Promptjester keys regression history by:
- Test identity
- Subject model
- Evaluator model
- Prompt hash
- Metrics hash
- Evaluator prompt version
If the prompt text or metric definitions change, the baseline resets automatically.
Running evals
Run the default discovery pattern:
npx promptjester runRun a specific file or glob:
npx promptjester run "evals/**/*.eval.ts"Run from CI:
OPENROUTER_API_KEY=$OPENROUTER_API_KEY npx promptjester runRun benchmark mode:
OPENROUTER_API_KEY=$OPENROUTER_API_KEY npx promptjester run --benchmarkThe process exits non-zero when:
- A required metric misses its threshold
- A required metric regresses against the last passing run
- The evaluator call fails
- A test never calls
evaluate(...)
Show the previous and current evaluated responses for tests that already have a baseline:
npx promptjester run --show-response-comparisonResponse comparison is opt-in because full answer bodies can be noisy in terminal output.
Local history
Promptjester stores append-only history in:
.cache/promptjester/history.jsonlStored fields include:
- Prompt text
- Response text
- Subject model
- Evaluator model
- Per-metric scores and rationales
- Pass/fail outcome
- Regression status
Benchmark runs store one history record per evaluated model, keyed by the subject model alongside the test and prompt hashes.

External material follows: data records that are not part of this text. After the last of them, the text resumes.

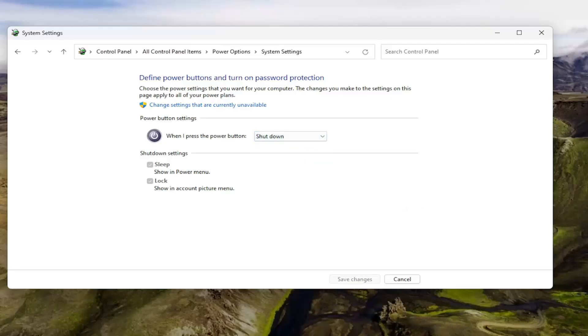And then you would have to select the save changes button at the bottom here to save that change. And that's all you'd have to do.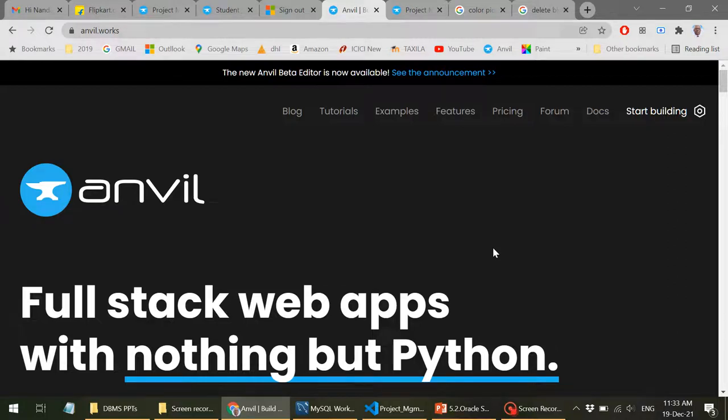Hello viewers, welcome to Nanda Academies. In this today's video I'm going to talk about the full stack web application development using Python for both client and server side.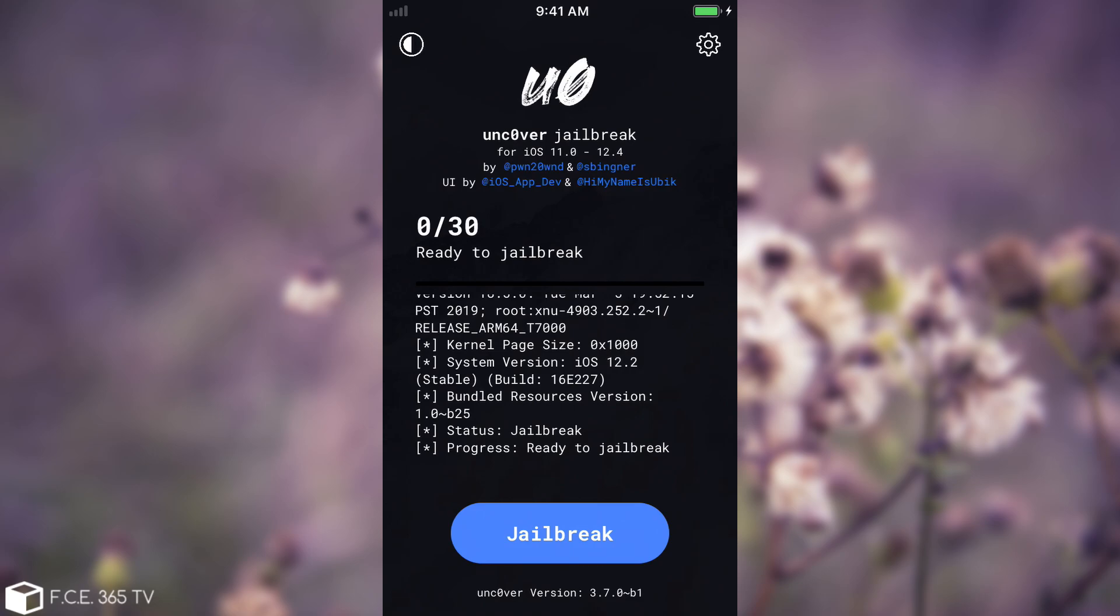But there's also people who have issues jailbreaking in the first place because of various errors related to the rootFS or OTA updates and stuff like that. Now the first thing you should do if it's not an OTA update error is to restore the rootFS.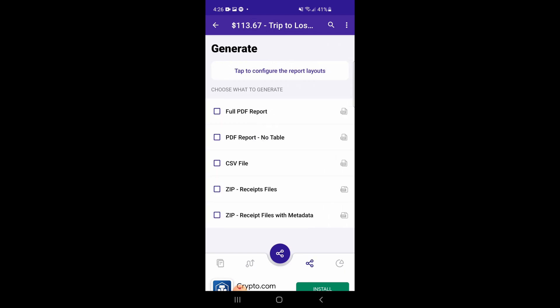After tapping the Generate tab, you will see some different options. First are the PDF options. A full PDF report will include receipt images, PDF attachments, and tables breaking down the receipt data. The PDF report with no table will just be a report of receipt images and PDF attachments.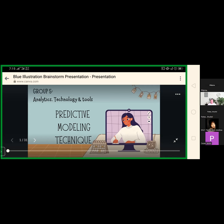The two primary techniques associated with predictive modeling are neural networks and regression. To select the correct predictive modeling technique, assess the available data type and determine the desired forecast nature. Begin by defining what prediction questions you want to answer and what you want to do with the results. Identify the strengths of each model and how each may be enhanced using different predictive analytics algorithms before deciding how to apply them to your business. Predictive modeling is a statistical technique used to predict future outcomes based on historical data.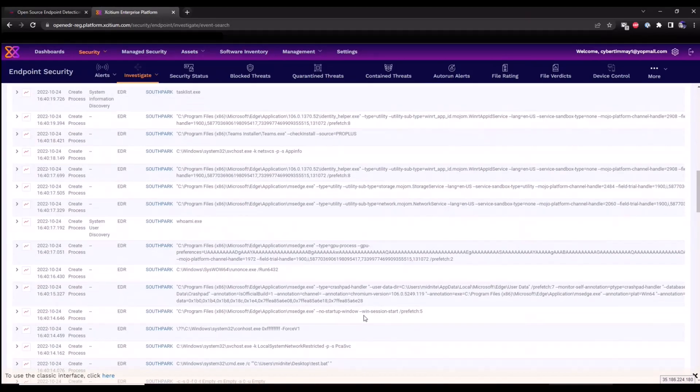So that's it for today's overview of installing our EDR agent. We are going to be providing additional videos as well, so stay tuned. Thank you.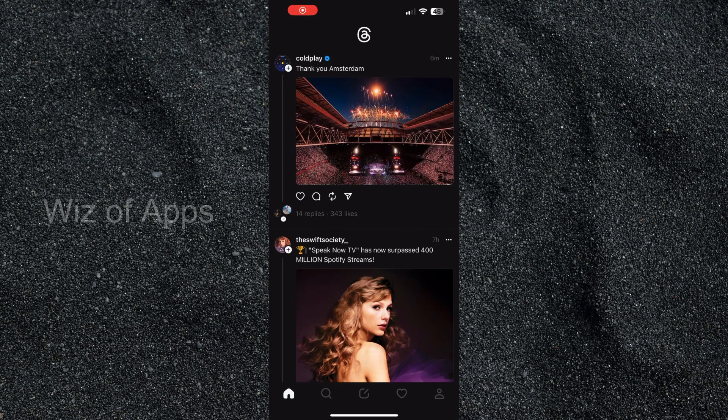Hi everyone! This tutorial is going to teach you how to see who viewed your thread on Threads, the new app by Instagram.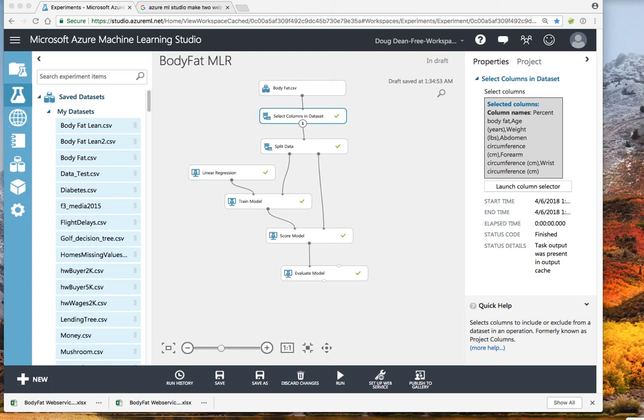This video will explain how to create a web service in Microsoft Azure that can be linked to from an Excel file so that you can create predictions from Excel.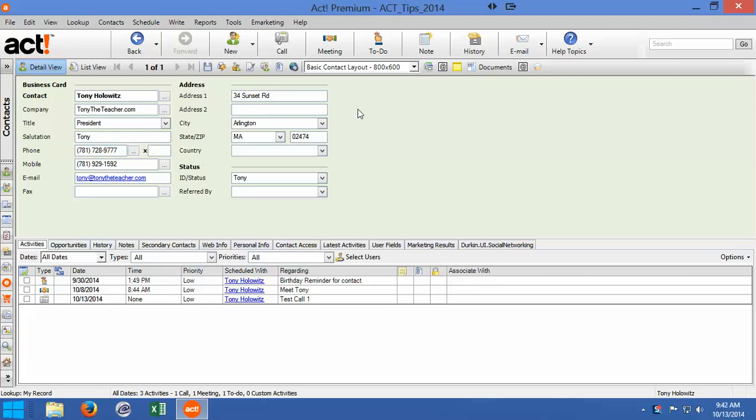Well, you might want to add a field to do all of that, and I'm going to show you how to do that. But before you get to that point, I want to show you something that ACT has already built in.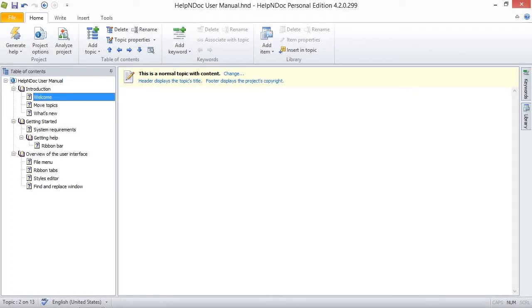Hello folks! In this video, we are going to take a look at how to delete topics in HelpNDoc.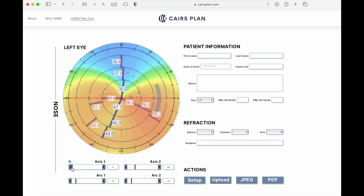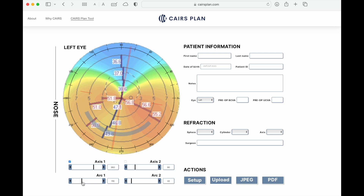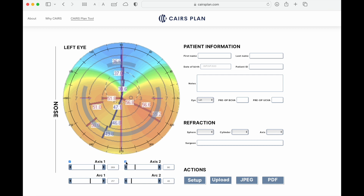By default, only one segment will be visible for your planning. However, if you want to insert two ring segments, simply tick the checkbox above axis 2 and the parameters for your second ring segment can be entered. Segment size can range from 1 degree to 355 degrees. You can manipulate the length and axis of your segments by either using the integrated sliders or manually entering the central axis and length of your arc or arcs in degrees.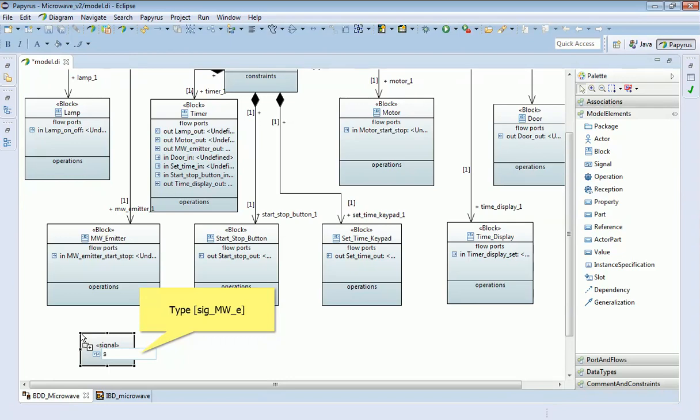I'm going to name this signal. I usually like to include an indicator that it's a signal in the name - although that should be explicit by context, I find that's useful. I'm going to call this one microwave emitter on. This will be the signal you send when you want to switch that emitter on.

That stored response text is what Promptjester uses for the optional --show-response-comparison output.
Promptjester does not edit .gitignore. If .cache/ is not ignored in your repo, the CLI prints a warning and you can override storage.dir.
Examples in this repo
This repository includes example suites in examples/. They are part of the git repo but excluded from the published npm package.
After cloning the repo:
pnpm install
pnpm build
pnpm example:basic
pnpm example:vercel-ai
pnpm example:benchmarkSee examples/README.md for what each sample demonstrates.
Codex Skill
This repo also includes a starter Codex skill in skills/promptjester/SKILL.md for agents that need concise Promptjester-specific authoring and CLI guidance.